Why aren’t we all teaching like artists?

Storyteller of projects, Jeff Robin is widely considered a pioneer of Project-Based Learning (PBL). I’m morbidly thinking that many innovators are destined to become understood in the afterlife…Van Gogh, Galileo, …ugh, Robin? I sure hope not. He was a founding teacher at High Tech High School in San Diego and covered every square inch of the school in student-made art. 

Jeff believes that making stuff will forever change you. 

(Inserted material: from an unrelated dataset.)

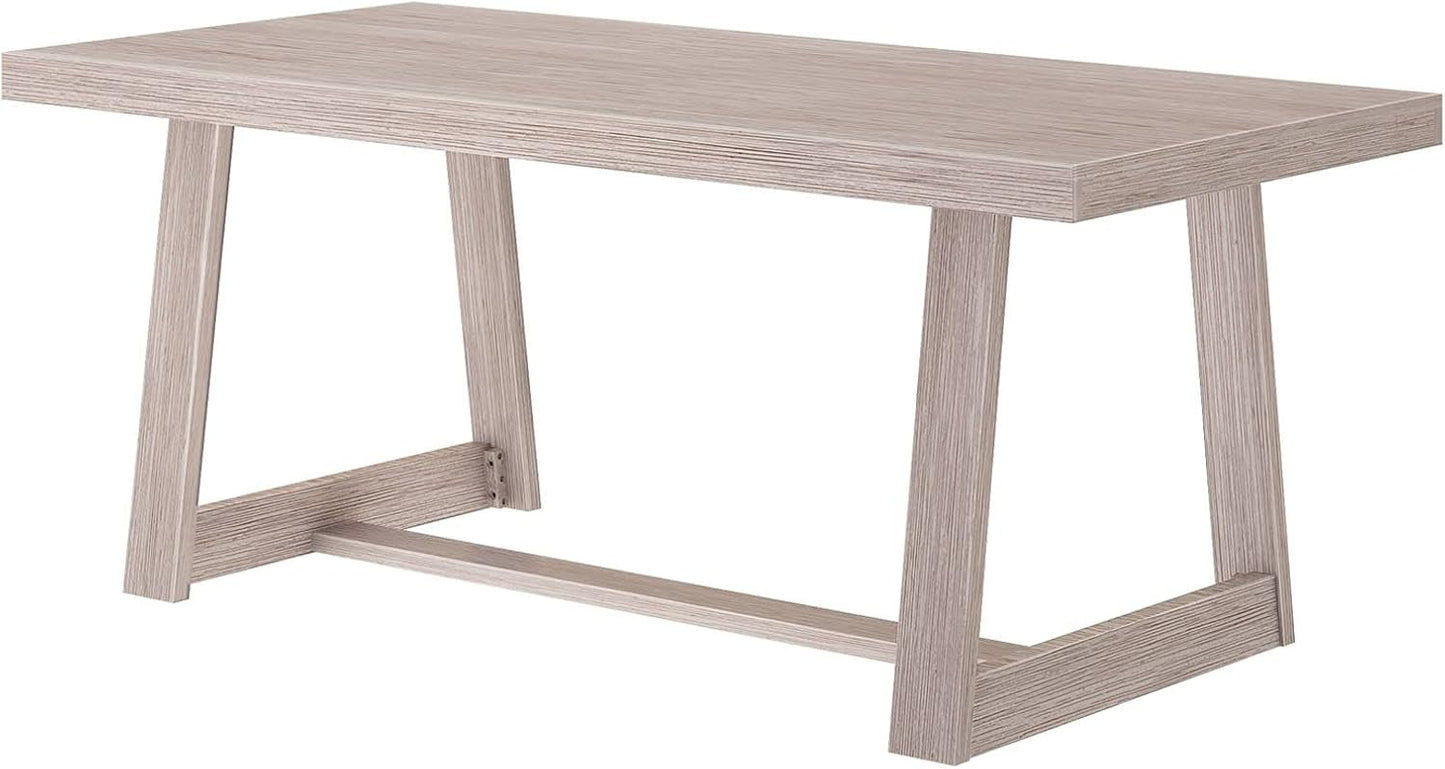 Plank+Beam 72 Inch Farmhouse Dining Table, Solid Wood Rustic Kitchen Table, Large Wooden Rectangular Dinner Table for Dining Room, Home Office, Living Room Furniture, Easy Assembly, Seashell Wirebrush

Now retired from High Tech High and a little grumpy about the resistance he faced at times, Jeff resolved to write this book to give us evidence of the rich learning that springs from a collaborative curriculum. Unapologetic about his role in stirring things up — “Yes I always got into trouble, that’s my job as an artist!”— Jeff’s students and colleagues took issue with his dreams.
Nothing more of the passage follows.